→ Aim of the task: Copy out the lines beginning at the one with "Double bedroom | Chalet 4, Flookburgh" and ending at the last line of the data, both included; pictures stay out.

→ Available records:
┄┄┄┄┄┄┄┄┄┄

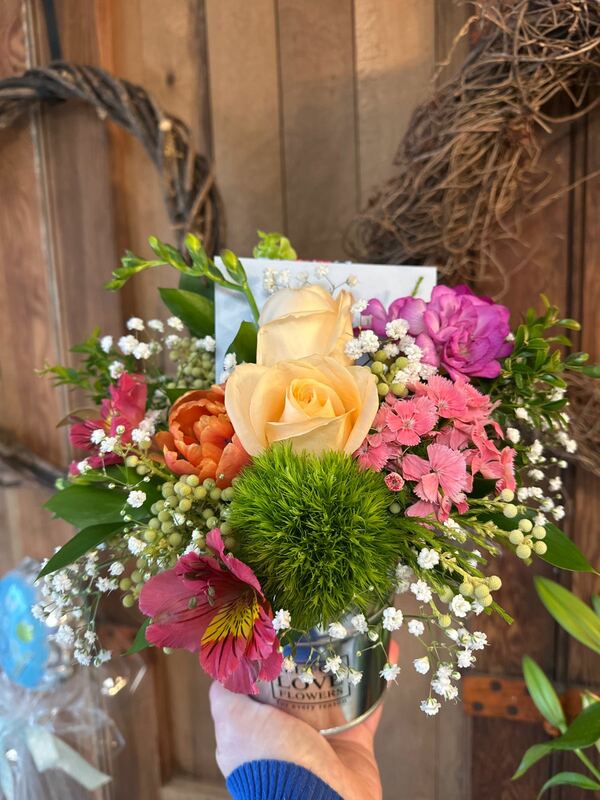 Flowers delivered to customer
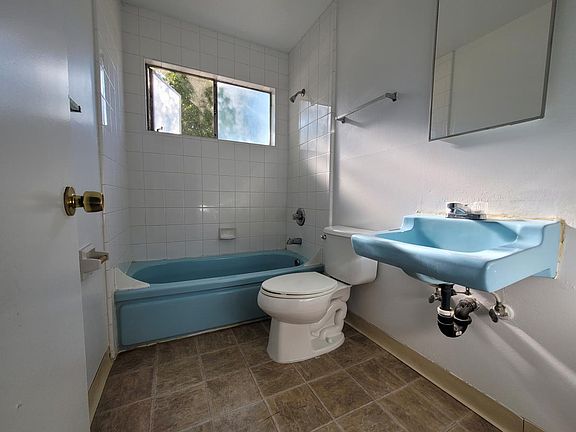 5th image of 5665 Harold Way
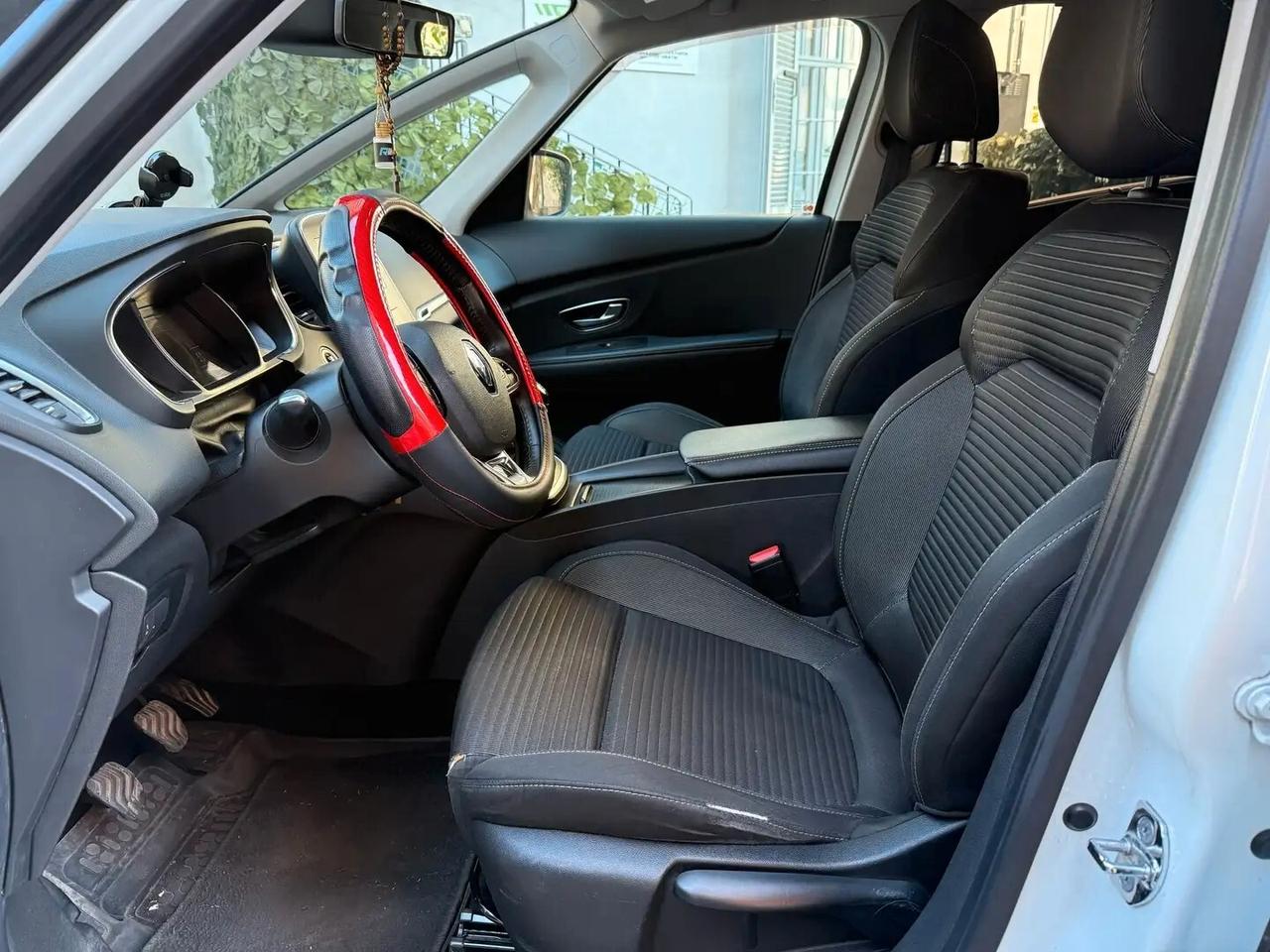 Renault Scenic Scénic TCe 140 CV Energy Sport Edition2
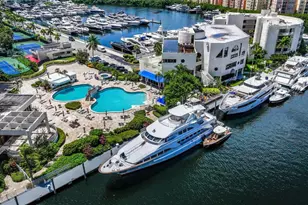 19707 Turnberry Way, Aventura, FL 33180 - Photo 5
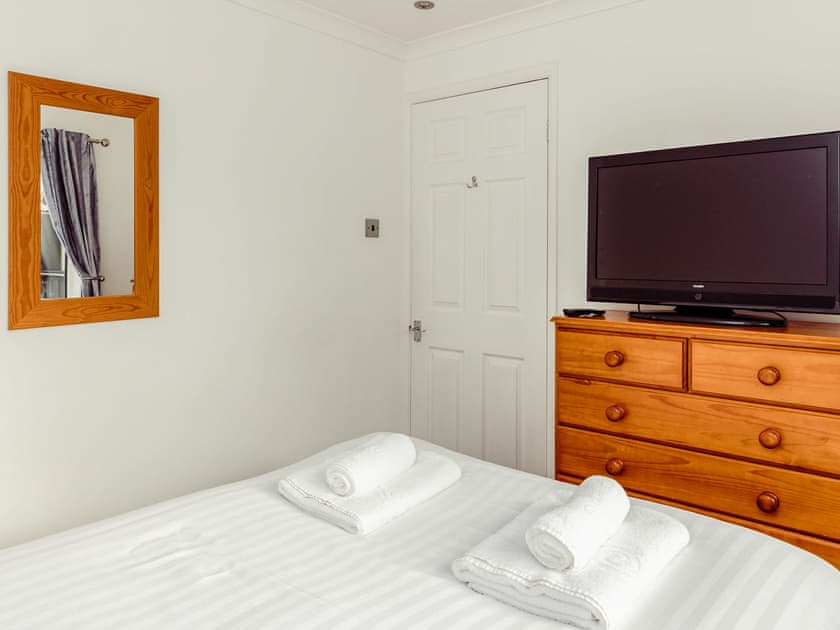 Double bedroom | Chalet 4, Flookburgh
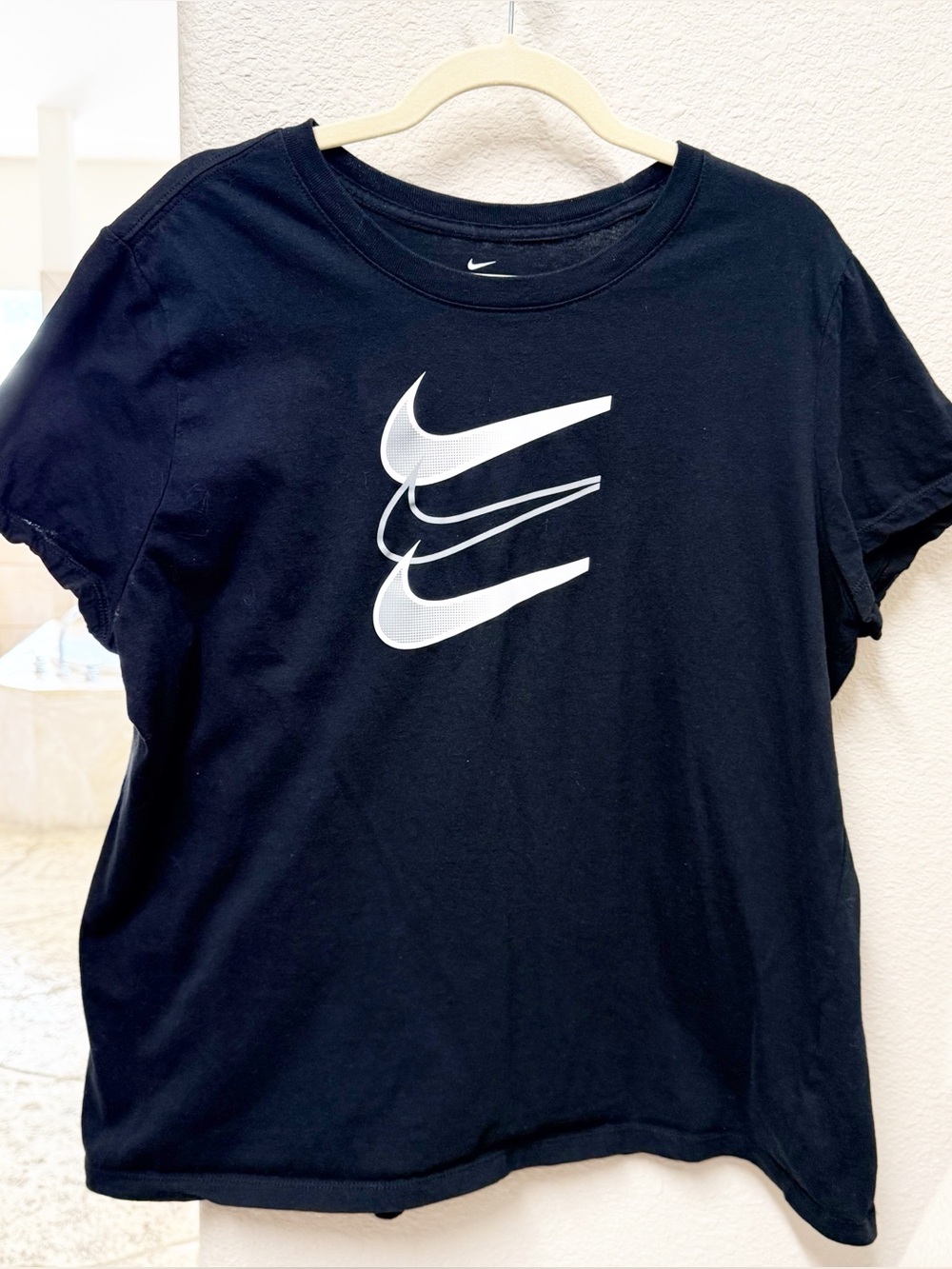Nike The Nike Tee Black Short Sleeve Tee with White Triple Swoosh XXL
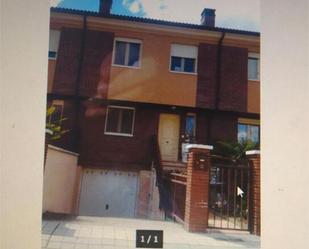 Exterior view of Single-family semi-detached for sale in Cistérniga  with Terrace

┄┄┄┄┄┄┄┄┄┄

→ Solution to this exercise:
 Double bedroom | Chalet 4, Flookburgh
Nike The Nike Tee Black Short Sleeve Tee with White Triple Swoosh XXL
 Exterior view of Single-family semi-detached for sale in Cistérniga  with Terrace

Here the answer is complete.